** Requirement **
With pictures removed, the data below should be returned exactly.

** Information shown **
▼

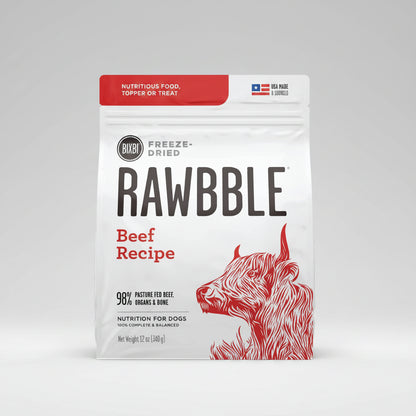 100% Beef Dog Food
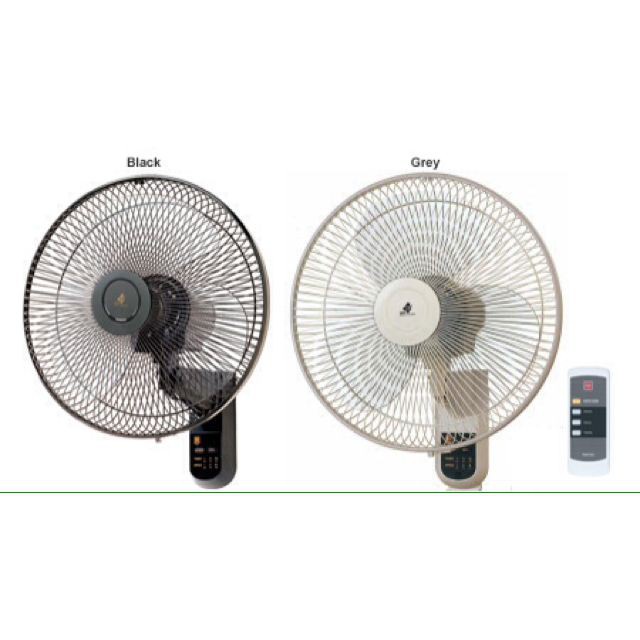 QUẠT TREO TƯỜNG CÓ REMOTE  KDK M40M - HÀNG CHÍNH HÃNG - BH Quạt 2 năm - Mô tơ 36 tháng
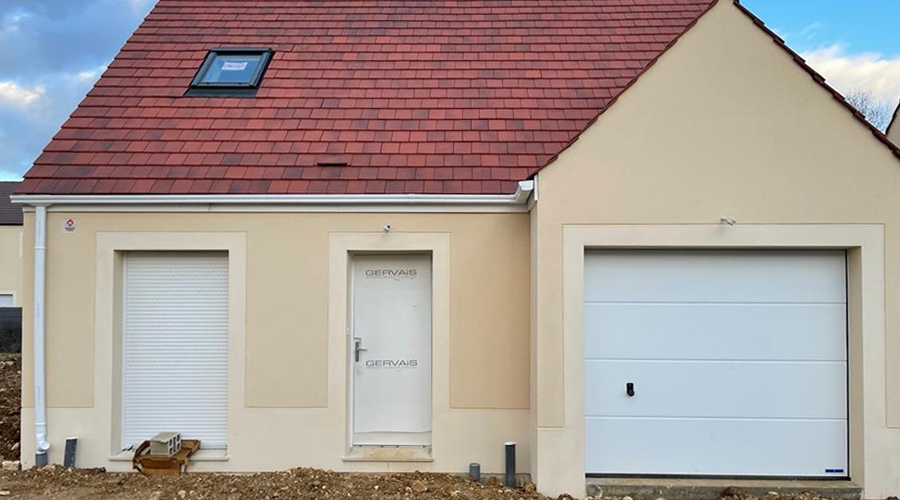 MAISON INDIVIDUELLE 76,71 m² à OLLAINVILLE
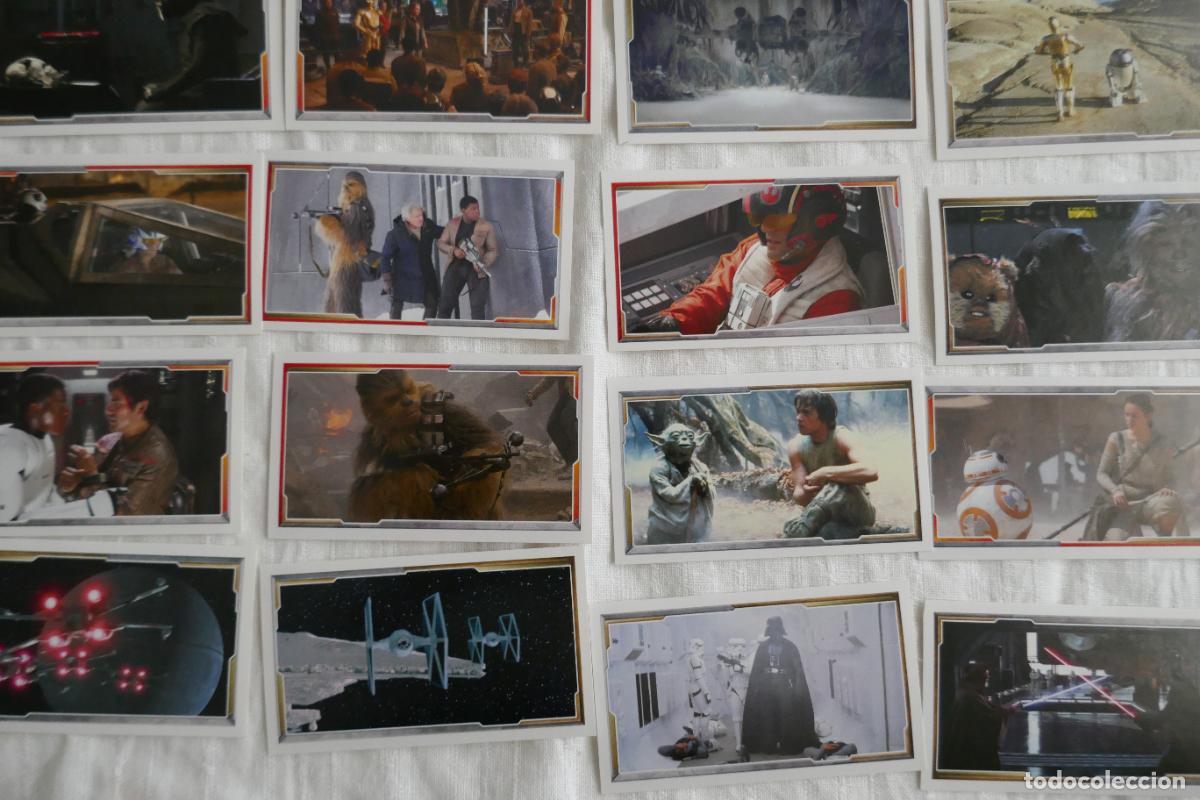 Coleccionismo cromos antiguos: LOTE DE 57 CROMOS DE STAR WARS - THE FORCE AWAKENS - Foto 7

▲

** Response to the exercise **
 100% Beef Dog Food
 QUẠT TREO TƯỜNG CÓ REMOTE  KDK M40M - HÀNG CHÍNH HÃNG - BH Quạt 2 năm - Mô tơ 36 tháng
 MAISON INDIVIDUELLE 76,71 m² à OLLAINVILLE
 Coleccionismo cromos antiguos: LOTE DE 57 CROMOS DE STAR WARS - THE FORCE AWAKENS - Foto 7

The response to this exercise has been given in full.